We skip the precise statement and refer the reader to (Wang and Young, 2002b), \cite{LWY} and (Wang and Oksasoglu, 2008) for more details.

Figure 4: (a) Switch controlled Chua circuit and (b) a chaotic rank one attractor.

To provide a concrete application we applied this theory to a periodically kicked Chua's circuit. The circuit is shown inFigure 3(a) and the periodic kicks are implemented by switches being turned on and off periodically. We analyzed the differential equation for the circuit following the steps (i)-(iv) above, and found parameters for which the chaotic rank one attractors are likely to occur. We then physically built the circuit. Figure 3(b) is a picture of chaotic rank one attractor that came out of lab simulations. See (Wang and Oksasoglu, 2008) and (Demirkol et al., 2009).

The theory on periodically kicked Hopf bifurcation is due to Young and myself (Wang and Young, 2002b); the application to Chua's circuit is due to Oksasoglu and myself (Wang and Oksasoglu, 2008); and the circuit is built by Demirkol, Ozoguz, and Akgul (Demirkol et al., 2009).

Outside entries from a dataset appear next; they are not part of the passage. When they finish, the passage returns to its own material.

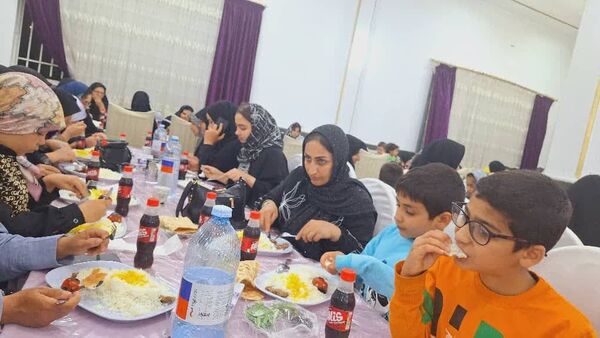 ضیافت افطاری در تالار نور یزد
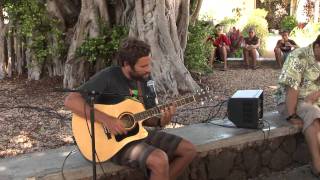 Jack Johnson Singing to Children &quot;Upside Down&quot;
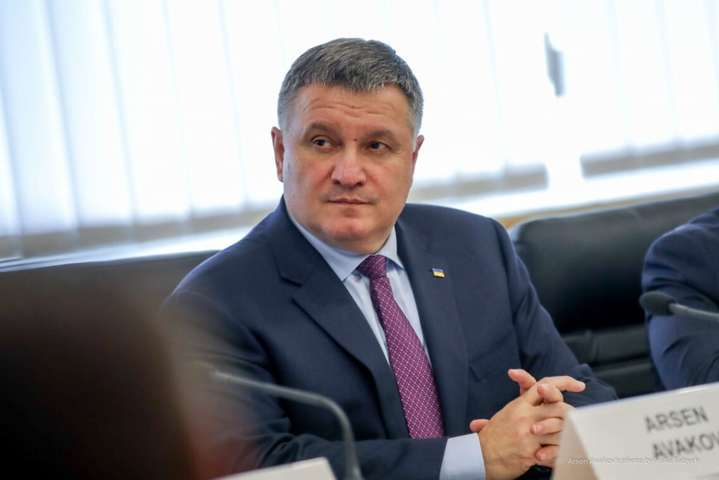 Трехмесячные клуши: Аваков раскритиковал Зеленского из-за частой смены министров 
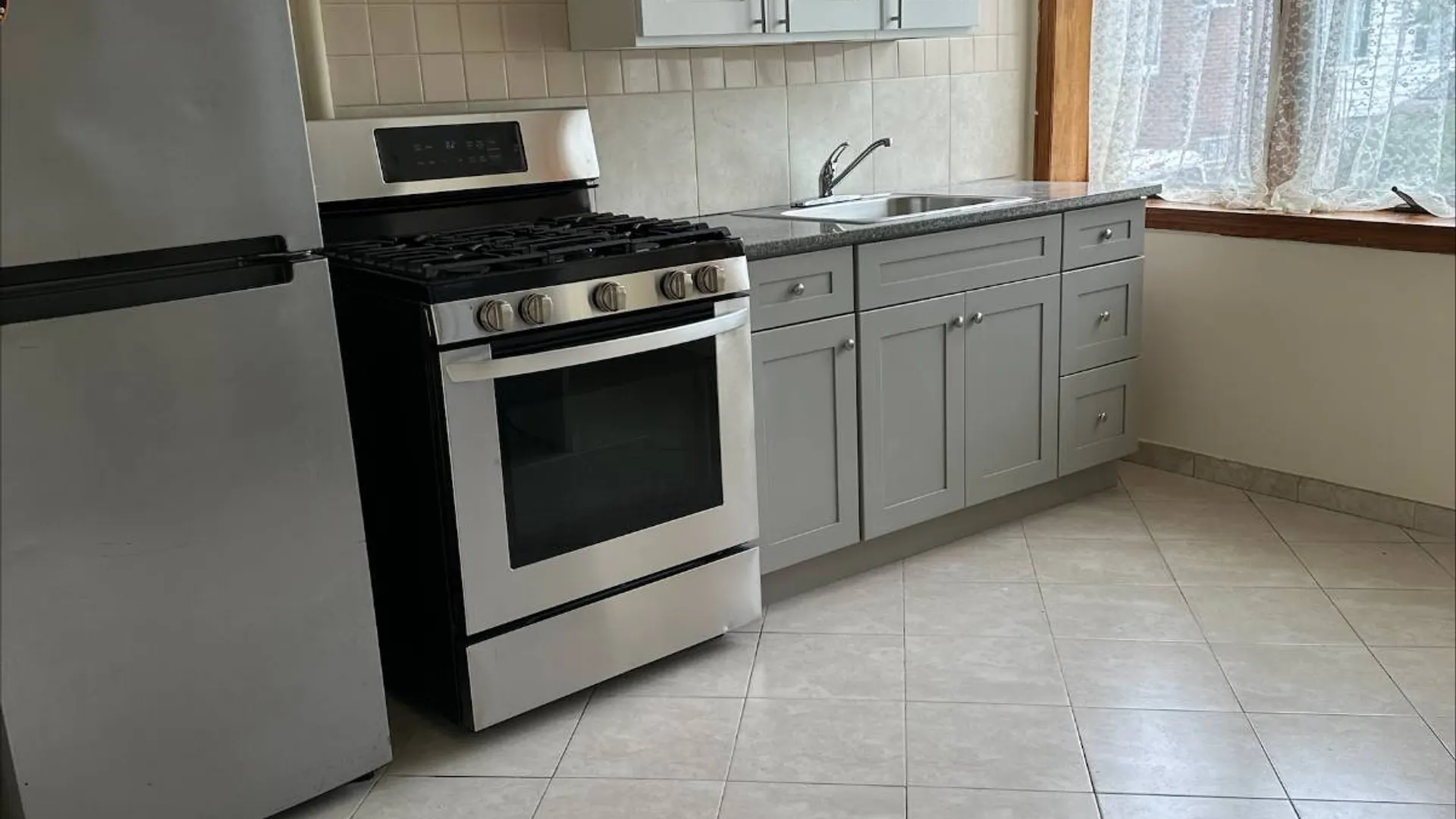 Property at 1940 W 3rd St, Brooklyn, NY 11223 35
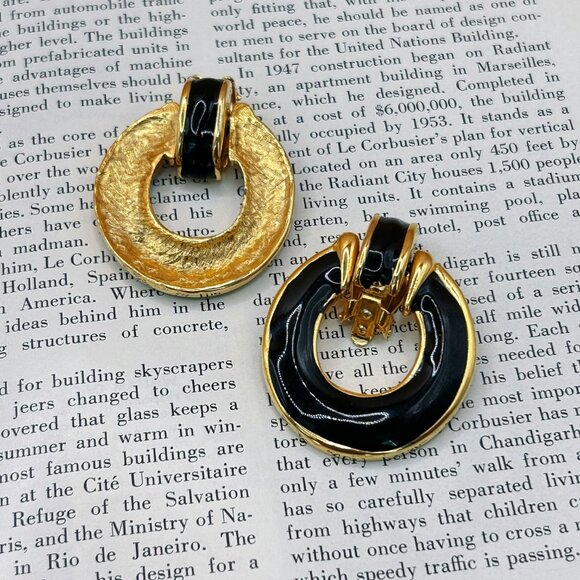Vintage 1980s Style Statement Clip-On Earrings, Gold Tone with Black Enamel - Picture 5 of 10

Application to a parabolic partial differential equation

The Brusselator, as described by the equations below, is a simplified model of an autocatalytic chemical reaction with diffusion (Lefever and Prigogine, 1968): \[\tag{7} u_t = d_1 \Delta u + a - (b+1)u + u^2v,\ v_t = d_2 \Delta v + bu -u^2v. \]

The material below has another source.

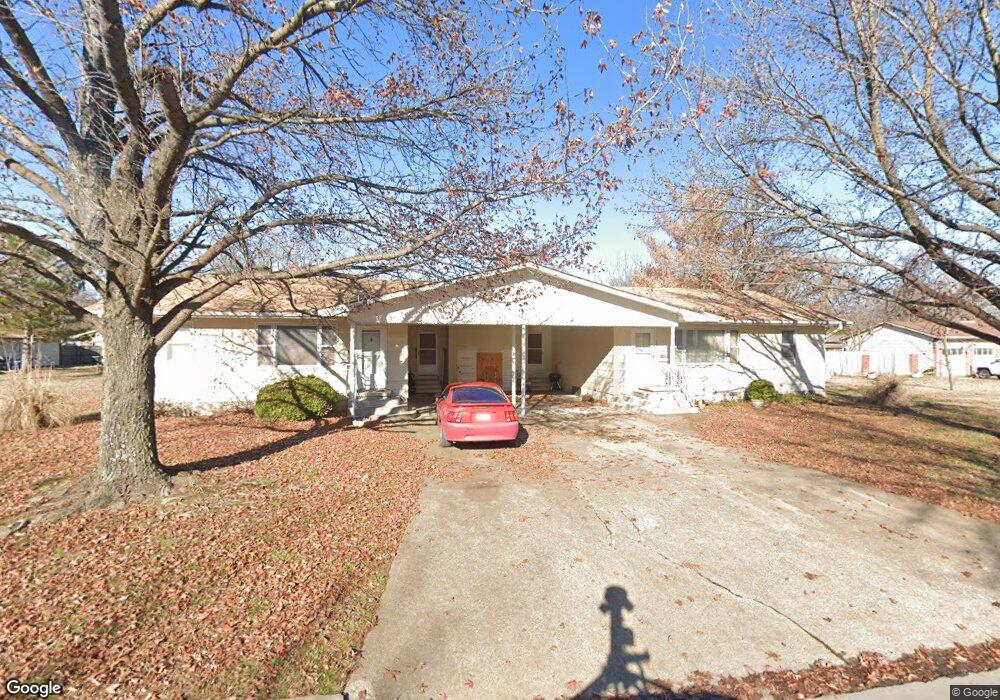 2417 Appleton Ave, Parsons, KS 67357 - photo 1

We consider this model in one physical dimension, i.e. \(u = u(x, t)\) and \(v=v(x, t)\) for \(x \in [0, 1]\ ,\) and let \(\Delta =\partial_{xx}\ .\) Here \(a\) and \(b\) are constants representing concentrations of certain initial substances, \(u\) and \(v\) are variables representing concentrations of two intermediates, and \(d_1, d_2 >0\) are their respective diffusion coefficients. The term \(u^2v\) represents the autocatalytic step in the reaction.

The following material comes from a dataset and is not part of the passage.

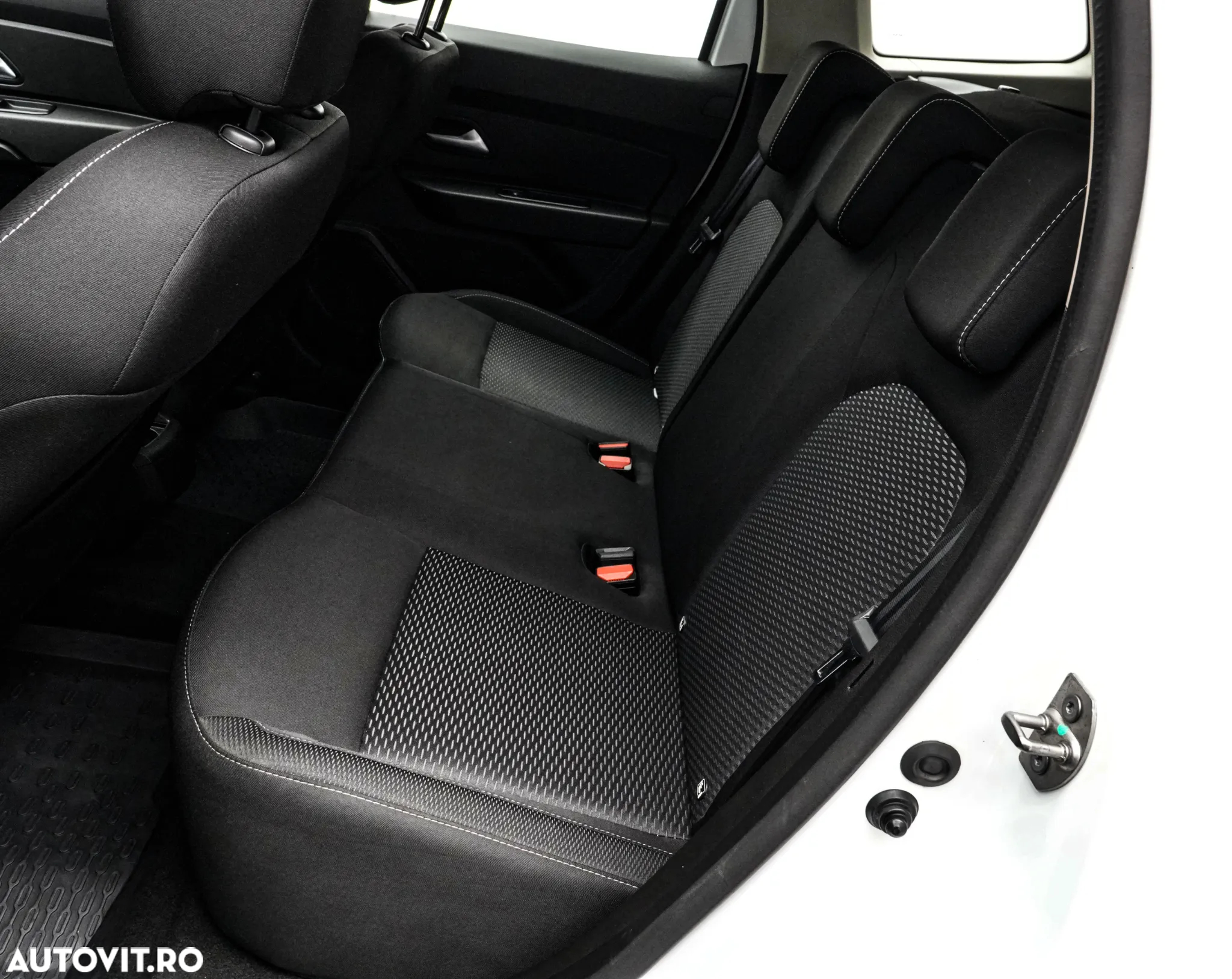 Dacia Duster 1.5 Blue dCi 4WD Essential - 13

One sees immediately that \((u(t),v(t)) \equiv (a, ba^{-1})\) is a stationary solution. Letting \(U=u-a\ ,\) \(V=v-ba^{-1}\ ,\) and \(\mathbf{u}=(U,V)\ ,\) we write (7) as an evolutionary equation \[\tag{8} \dot \mathbf{u}=\mathcal{A}_{a,b} \mathbf{u} + f_{a,b}(\mathbf{u}), \]

where \[ \mathcal{A}_{a,b}=\begin{pmatrix} d_1 \frac{\partial^2}{\partial x^2} + (b-1)& a^2\\ -b & \theta d_1\frac{\partial ^2}{\partial x^2} - a^2 \end{pmatrix}, \qquad \theta = \frac{d_2}{d_1}, \ \ d_1 \neq 0; \] and \[ f_{a, b}(\mathbf{u}) = \begin{pmatrix} UV^2 + ba^{-1} U^2 + 2aUV \\ -UV^2 - ba^{-1} U^2 - 2a UV \end{pmatrix}. \] It is well known that Hopf bifurcation occurs as the parameters \(a\) and \(b\) are varied. See (Hassard et al., 1981).

We study periodically kicked equations satisfying the Neumann boundary condition and the Dirichlet boundary condition. The forcing functions are chosen to respect the corresponding boundary condition.

Neumann boundary condition. \[ u_t = d_1 \Delta u + a - (b+1)u + u^2v + \rho (1+\cos \pi x) \ p_{T,\iota}(t), \] \[ v_t = d_2 \Delta v + bu -u^2v; \] \[\tag{9} \partial_x u(0,t) = \partial_x u(1,t) = 0, \qquad \partial_x v(0,t) = \partial_x v(1,t) = 0. \]


Dirichlet boundary condition. \[ u_t = d_1 \Delta u + a - (b+1)u + u^2v + \rho \sin \pi x \ p_{T,\iota}(t), \] \[ v_t = d_2 \Delta v + bu -u^2v; \] \[\tag{10} u(0,t) = u(1,t) = a, \qquad v(0,t) = v(1,t) = ba^{-1}. \]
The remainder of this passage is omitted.